■ **Brief**
Restate every line below word for word, but drop each picture.

■ **Dataset extract**

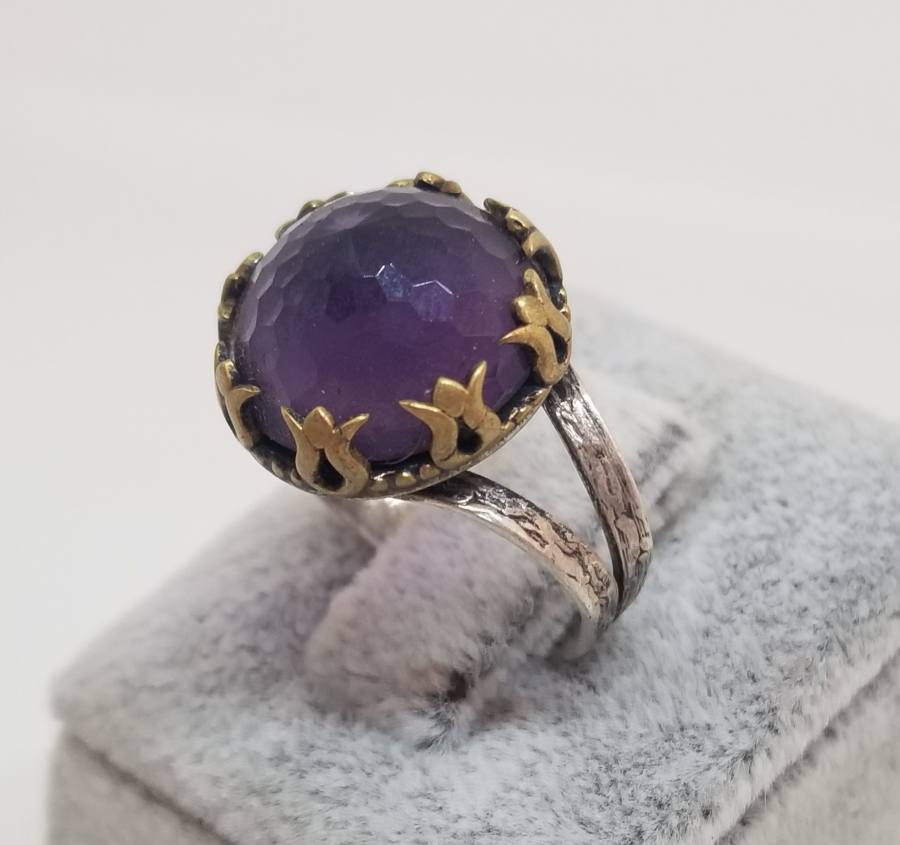 LALE FORMLU ÖZEL YAPIM GÜMÜŞ HÜRREM YÜZÜĞÜ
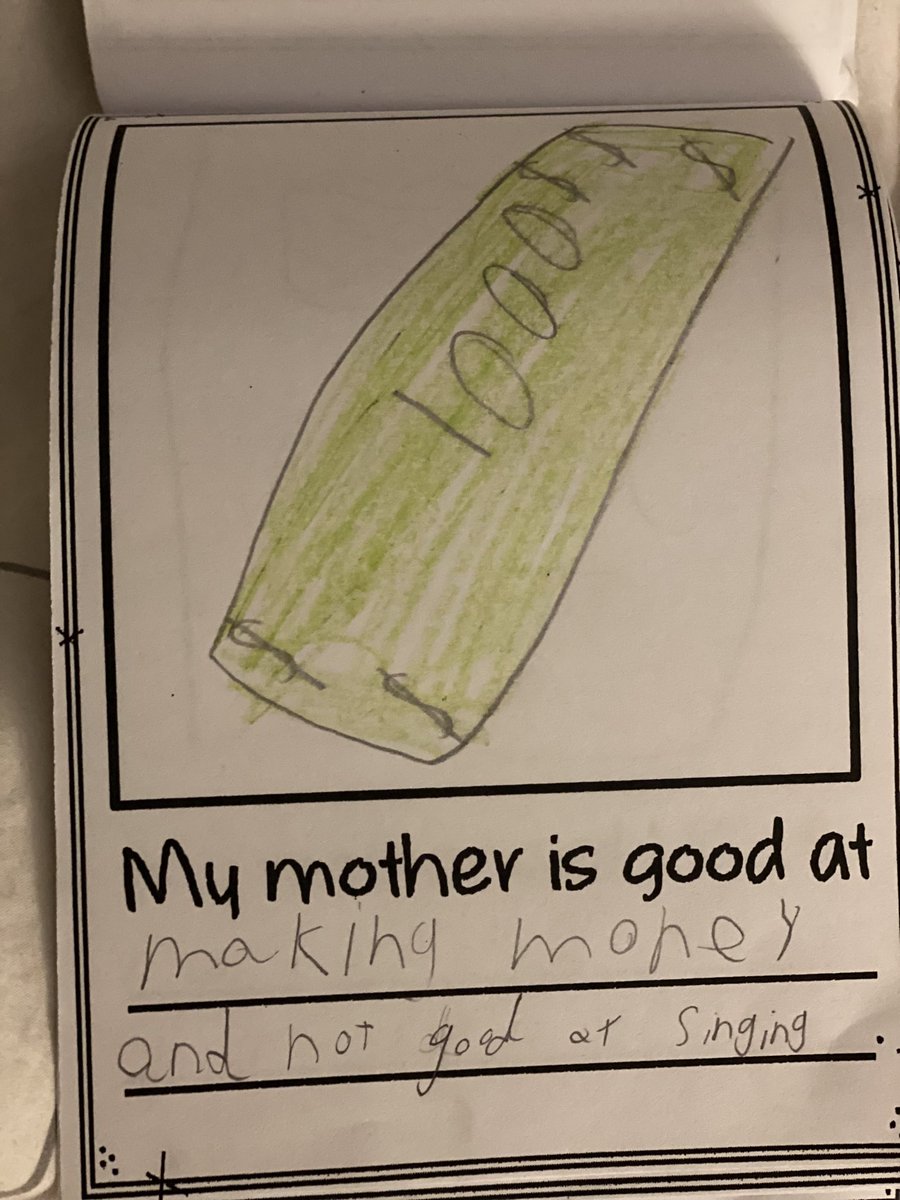 Little Human 2 on Mother’s Day…. 
SO… If you happen to see any of my spare $1000 bills lying around, then please feel free to return them back to the rightful owner. Thanks. 
Also, IDK but that note on singing was unnecessary and below the belt.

■ **Solution for this task**
 LALE FORMLU ÖZEL YAPIM GÜMÜŞ HÜRREM YÜZÜĞÜ
 Little Human 2 on Mother’s Day…. 
SO… If you happen to see any of my spare $1000 bills lying around, then please feel free to return them back to the rightful owner. Thanks. 
Also, IDK but that note on singing was unnecessary and below the belt.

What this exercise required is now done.